David Fredenburgh I really enjoy working with clients who come to us with a blank slate and the sky is the limit attitude. In those cases, we’ll start by defining a vision for the park and presenting them with a few storylines. We often use virtual reality and animation so clients can immerse themselves in the space and experience it as guests. Since a lot of our work is in Asia, these dynamic visuals also help us communicate ideas to clients when there is a language barrier.
ER What inspires your designs?
DF I like to seek inspiration from the local culture. Recently, I helped design a theme park in China that touched on the country’s ancient civilization and folklore. I’m fortunate that my work has allowed me to spend a lot of time there learning about the country’s rich history, architecture and cuisine. Visiting the Great Wall of China still sticks with me. And then I get to take all of that knowledge and respectfully use it to create a unique guest experience. The idea is to blend a park’s central rides and attractions with that local flavour to create something that’s playful and engaging. You can teach people and open their eyes to cultural aspects if that’s all tied into the storyline. At the same time, we’re not trying to create a history museum – we know there are institutions that cover that. It needs to be fun, entertaining, immersive and have a social aspect.
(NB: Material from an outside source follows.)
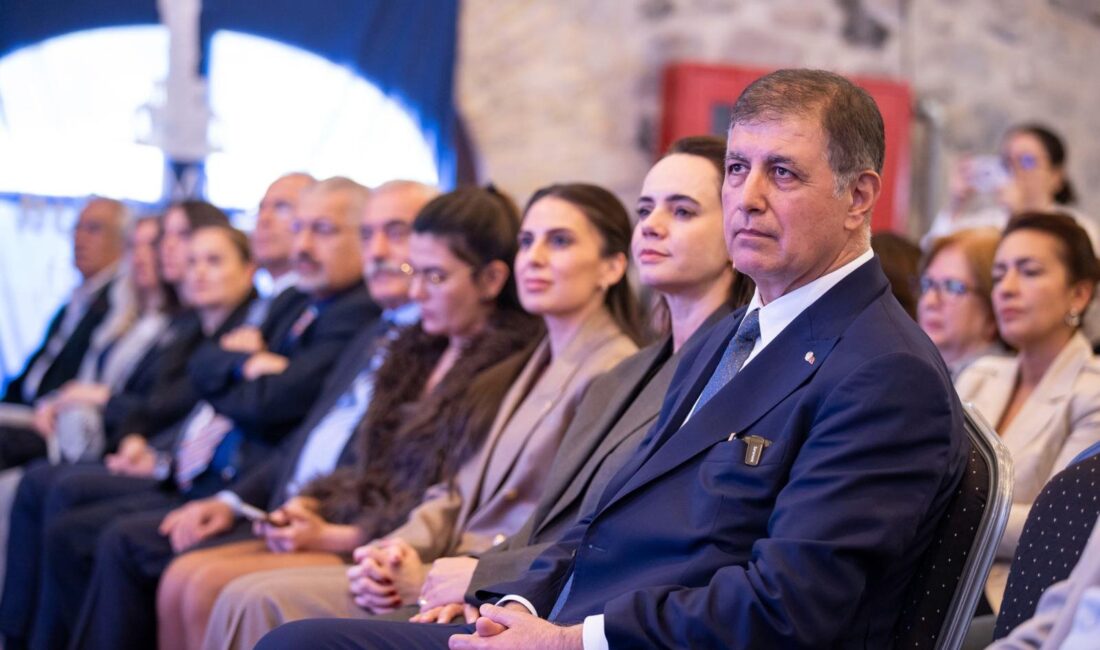 İzmir Büyükşehir Belediye Başkanı Dr. Cemil Tugay, CHP’nin “Her Çocuğun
ER What’s it like to see people using the parks you’ve worked on?
DF I was there for the opening day of Dynamic Earth Science North, an outdoor exhibit at the Big Nickel in Sudbury, Ontario. We made an educational play space with slides and various mining equipment that was donated by the industry. The media was there, and then they opened it up for children and families to come in, and we saw everything we had worked hard on and drawn out come to life. When you see people using the space that you’ve designed as it’s intended, it’s extremely rewarding.
ER How does location influence a park’s design?
DF You want to make sure you use the site’s terrain to your advantage. The beauty of rides and waterslides is that they’re flexible and you can usually reconfigure them to fit the landscape. I’ve helped design parks where the slides are nestled into hills and it looks great. But you also need a significant amount of flat land to accommodate pools. With other projects, like the indoor water park for Mall of America in Minnesota, we had to figure out how to fit all of our attractions into a confined space.
ER What innovations are happening in the amusement and water park worlds?
DF Water parks are becoming a lot more immersive and better at telling stories. There are a lot of rides on the market that push the envelope beyond the standard lazy river and wave pool. Aquaticar, for example, resembles a driving ride you’d traditionally see in a theme park, but it goes underwater among schools of fish. There’s also a big push for sustainability in the industry. Investors are increasingly looking for ways to reduce energy consumption. Some park operators have even incorporated solar panels into their design as shade structures to benefit from renewable energy.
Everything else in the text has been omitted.